(Captioned web images)
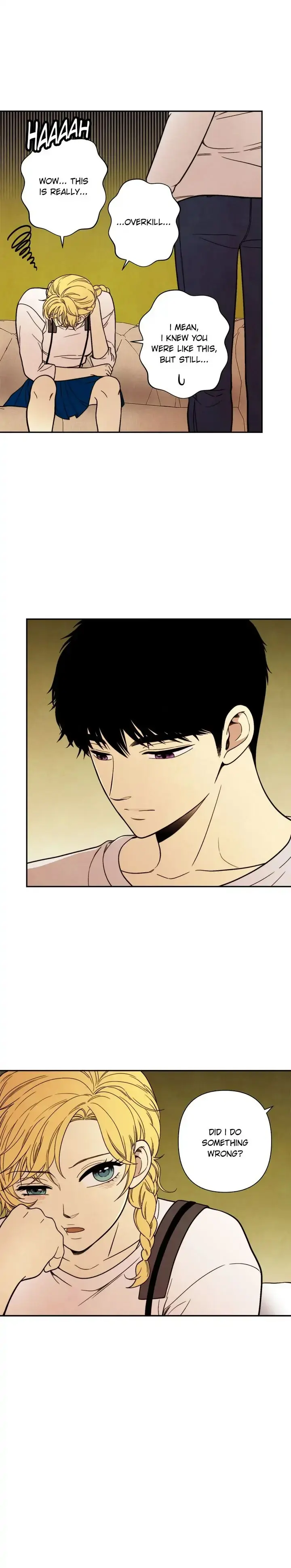 Just Give It To Me Chapter 168 - Page 17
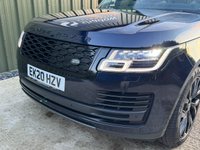 USED 2020 20 LAND ROVER RANGE ROVER 2.0 P400e 13.1kWh Autobiography SUV 5dr Petrol Plug-in Hybrid Auto 4WD Euro 6 (s/s) LWB (404 ps) 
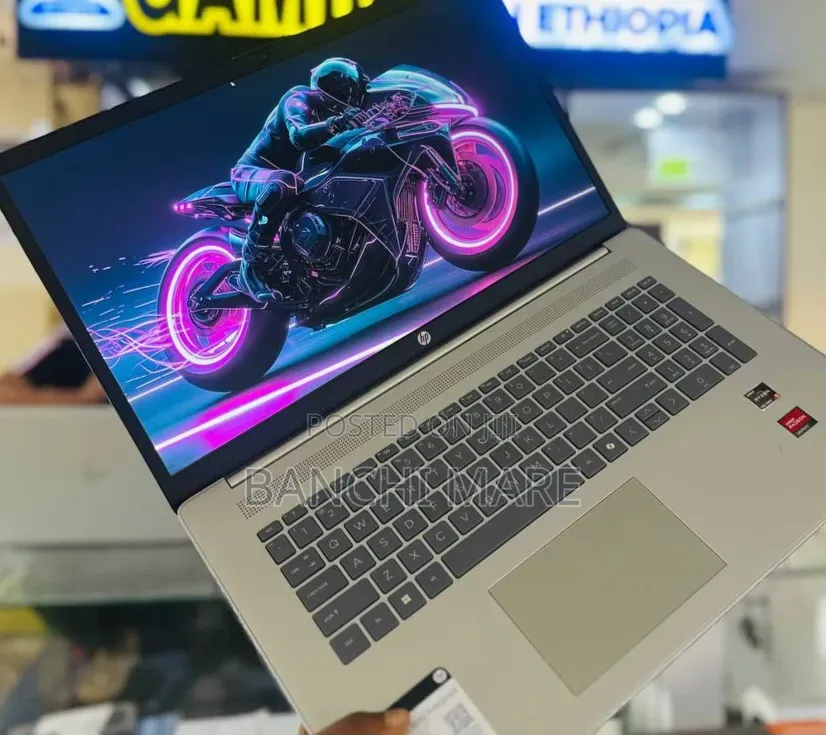 New Laptop HP Stream Notebook 8GB AMD Ryzen 5 SSD 512GB
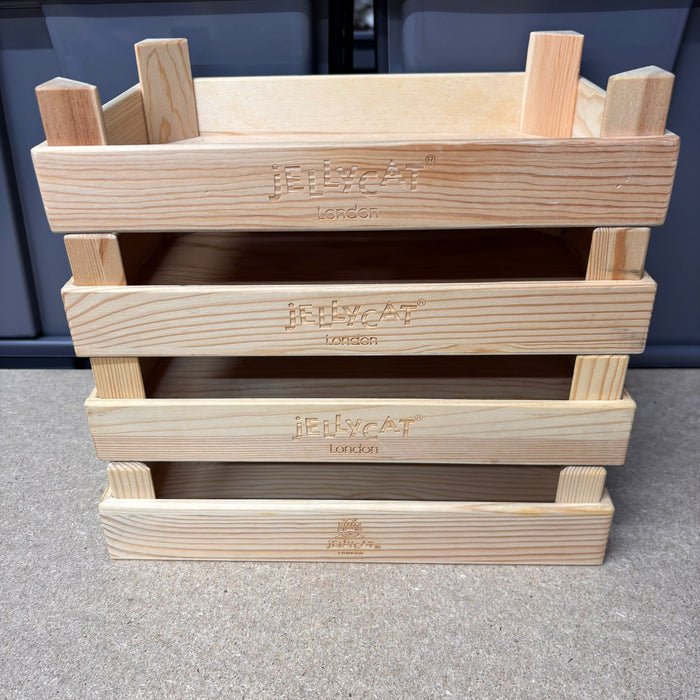 Jellycat Wooden Tray EX DISPLAY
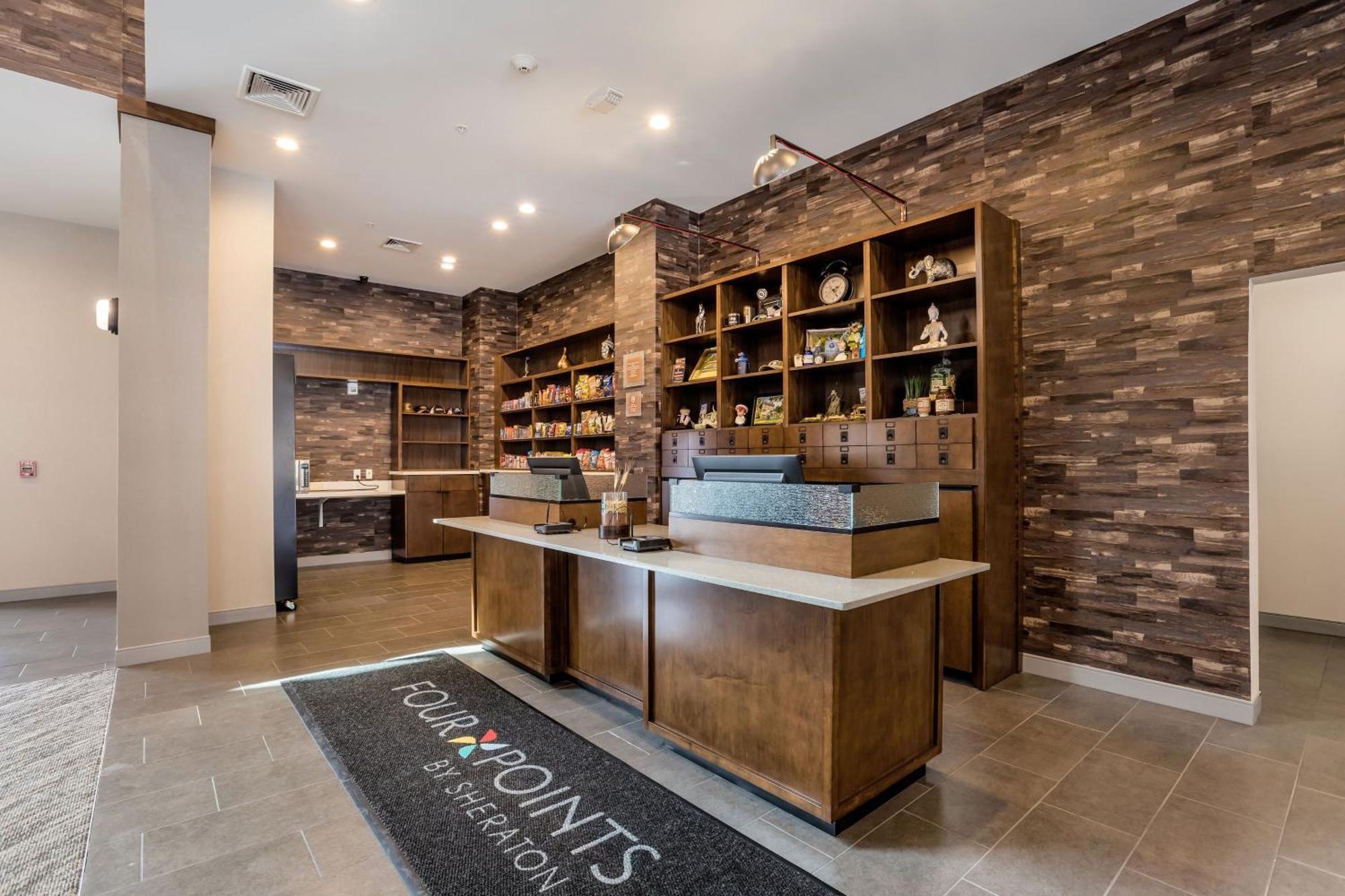 Four Points By Sheraton Elkhart Bagian luar foto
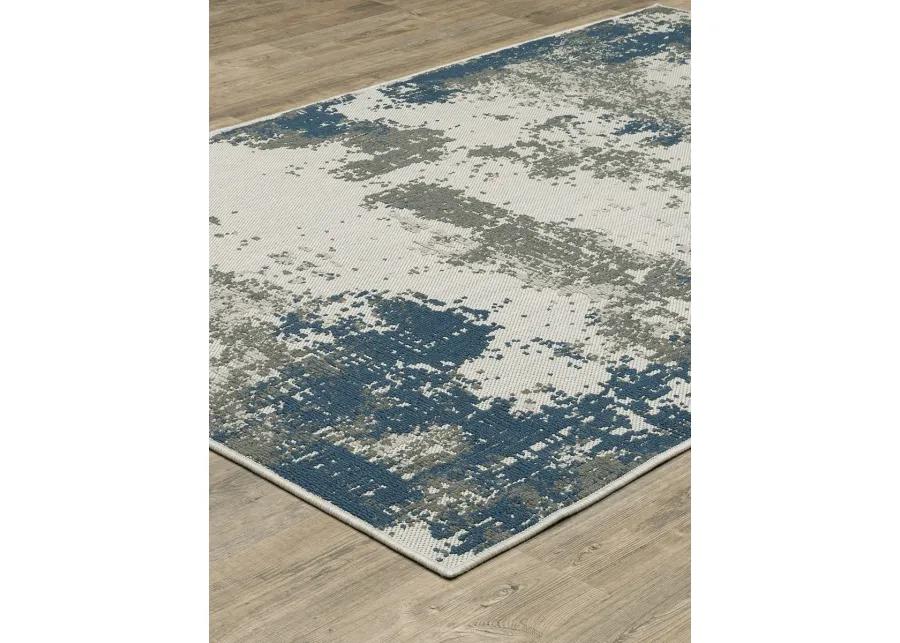 Torrey 5'3" x 7'3" Beige Rug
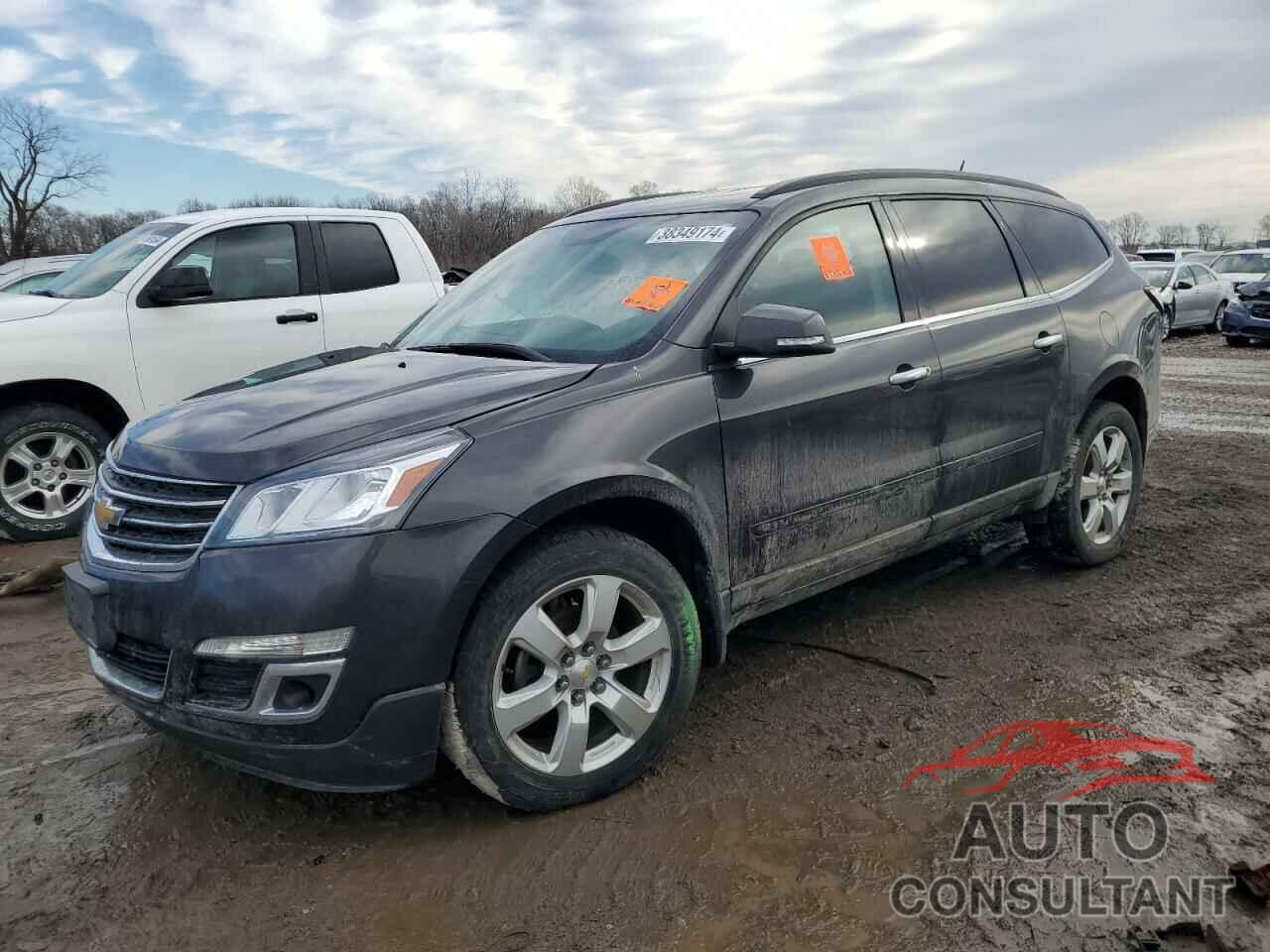 CHEVROLET TRAVERSE 2016 - 1GNKVGKD0GJ212332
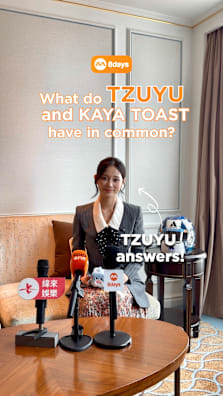 What’s the connection between TZUYU and Kaya Butter toast?🍞🇸🇬 The TWICE member is in Singapore for the F1 weekend to celebrate the collaboration between her music, Atlassian Willams F1, and DanDaDan. Stay tuned for the music video dropping early 2027! #TZUYU #쯔위 #Twice #F1 #DanDaDan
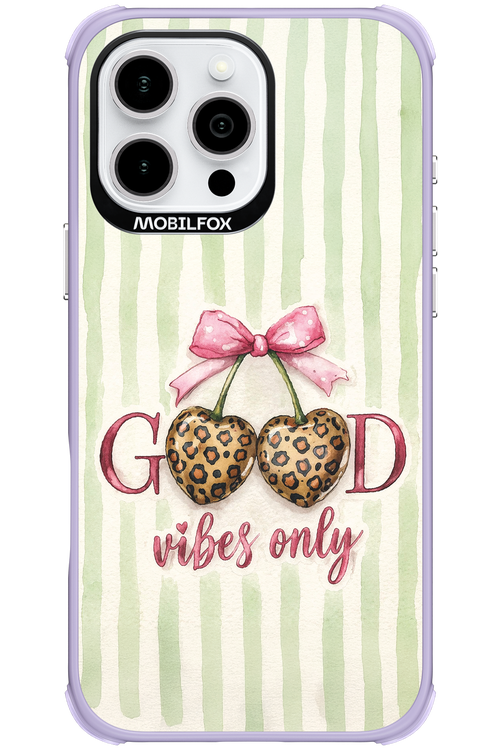LEO CHERRY 2.0 - Apple iPhone 16 Pro Max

_Exercise aim_. Repeat word for word the lines starting at the one with "Four Points By" and ending at the final line of the records above, both included; no pictures.

_Output for this exercise_.
 Four Points By Sheraton Elkhart Bagian luar foto
 Torrey 5'3" x 7'3" Beige Rug
 CHEVROLET TRAVERSE 2016 - 1GNKVGKD0GJ212332
 What’s the connection between TZUYU and Kaya Butter toast?🍞🇸🇬 The TWICE member is in Singapore for the F1 weekend to celebrate the collaboration between her music, Atlassian Willams F1, and DanDaDan. Stay tuned for the music video dropping early 2027! #TZUYU #쯔위 #Twice #F1 #DanDaDan
LEO CHERRY 2.0 - Apple iPhone 16 Pro Max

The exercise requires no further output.